On essaie de choisir des films qui nous ressemblent ou qu’on aime et qui sont surtout aussi en lien avec la ligne éditoriale du festival en général, qu’ils puissent faire écho. Et dans le cas de Daaaaaali! et Monster, Innocence, c’est vrai que c’est intéressant parce que c’est des films qui sont réalisés par des créateurs qui sont très différents mais qui ont tous les deux la passion pour les structures narratives, mais qui arrivent quand même à travailler avec beaucoup de finesse et d’attention les structures de leurs films, tout en laissant leurs fibres créatives prendre le dessus. Chez Kore-eda, tout comme que chez Quentin Dupieux, c’est d’abord le message, la force de la vision artistique qui dépasse tout, mais c’est quand même des films qui sont très fins en termes de points de vue, de structure. Donc il y a un bel équilibre chez ces deux cinéastes.
Quel est le dernier film que vous avez visionné ?

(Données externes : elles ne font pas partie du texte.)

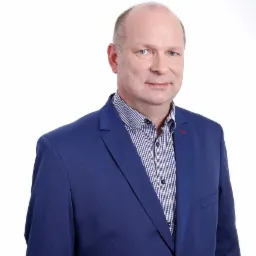 Portret mężczyzny w niebieskiej marynarce i wzorzystej koszuli, uśmiechającego się na białym tle.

Le dernier film que j’ai visionné pour le GIFF, c’est un film absolument incroyable qui s’appelle THE OWNER, de Yury Bykov, un film russe qu’on a présenté hier soir en Highlight. C’est le réalisateur de la série de THE METHOD. Il a fait aussi THE FOOL qu’avait gagné THE MAYOR qui était à Cannes. Et là, il a fait un film absolument incroyable sur la corruption morale et systémique en Russie. Et puis ça me fait plaisir de parler de ce film parce que je crois qu’ils ont eu pas mal de peine à le mettre dans des festivals, parce que le film était pas mal repoussé en raison de son origine géographique. Il n’a pas encore de distributeur suisse. Mais le vendeur était là hier, il y avait des coproducteurs suisses qui étaient présents. Et le film est incroyable parce que comme le réalisateur, déjà, il vient d’une fraction assez populaire de la société russe. Il a beaucoup travaillé dans le domaine de la série et du cinéma. Il a à la fois un langage très personnel pour son cinéma, mais il sait être efficace. Et il aborde des sujets de société assez vifs. Ça fait des films super impactants. Pour moi, c’est une expérience de cinéma qu’on peut aussi qualifier d’ immersif parce que je trouve que le cinéma, on parle beaucoup de création immersive mais le cinéma, quand c’est bien fait, c’est une expérience immersive.